Business divestment tends to be the result of a change in the business strategy or due to
changing economic circumstances that force a company to either close or demerge business
units that are no longer profitable or do not fit the company’s profile. Business divestment
strategy forms part of a company’s long-term business goals to ensure long-term viability,
maximise return on investment and to maintain the company’s competitive advantage.
Business divestment strategies are often a result of a company that needs to reposition itself
with regard to its competitive position in the market. Divestments and closures are often
described as strategy’s missing link.
The South African coal mining industry is a mature industry spanning a number of decades;
as a result, a large number of collieries have closed down and numerous others are
approaching end of life and will cease production in the near future. Mine closure or divestment
is an instrument of strategy to free up capital and resources and to assist the business to
refocus on core activities and to reverse over-diversification. The business success of a divestiture is usually evaluated by the measure of success in achieving the underlying strategic
goal that was set when the divestment strategy was adopted. Strategy decisions need to
embody a sound governance foundation. Al internal departments and operations need to be
aligned with the company’s goals and strategy and should persevere in focusing its actions
on obtaining these goals.
The goal of this study is to identify what the essence, content and characteristics of a
divestment framework for IT governance should be. In order to achieve this goal, the research
focused on the following objectives as reflected in the research question, sub-research
questions and chapter divisions:
• To create an understanding of the South African mining environment, but more specifically
the coal mining industry by depicting and describing the impact of the macro and market
environment in strategy formulation to align with a mine closure or divestment decision.
• To establish the impact of a divestment strategy on the IT governance model and ITbusiness
alignment and determine the steps that IT and business should take to ensure
alignment in order to support a divestment strategy.
• To determine if any of the existing IT governance frameworks and standards could be
implemented or adopted to serve as a divestment framework for IT governance.
• To establish what the content and logical steps for a divestment framework for IT
governance should include and how it should be deployed.

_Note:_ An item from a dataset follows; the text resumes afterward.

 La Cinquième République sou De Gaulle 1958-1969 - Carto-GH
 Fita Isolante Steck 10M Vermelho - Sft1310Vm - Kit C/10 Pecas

• To test the proposed divestment framework for IT governance for validity and soundness
at the hand of three case studies.
As a result of the literature review and study conducted for this thesis, the author determined
the following specific dimensions pertaining to the fundamental building blocks of a divestment
framework for IT governance to support company divestment, more specifically mine closure:
• The IT department needs to understand the role it needs to fulfil in the company to support
the achievement of the company’s business strategy. Information systems and
infrastructure are deployed to influence unparalleled business proficiencies, merge and
divest companies and business units, restructure industries, and expedite global
competition. The company’s IT strategy needs to align itself with the business strategy in
order to support the company when a divestment strategy is implemented. Because of the
complexity and inter-relatedness of Information Technology systems and infrastructure
with the rest of the business units business processes, a divestment initiative should
include the steps that need to be taken to de-integrate or disentangle the IT infrastructure
and IT portfolio from the rest of the company.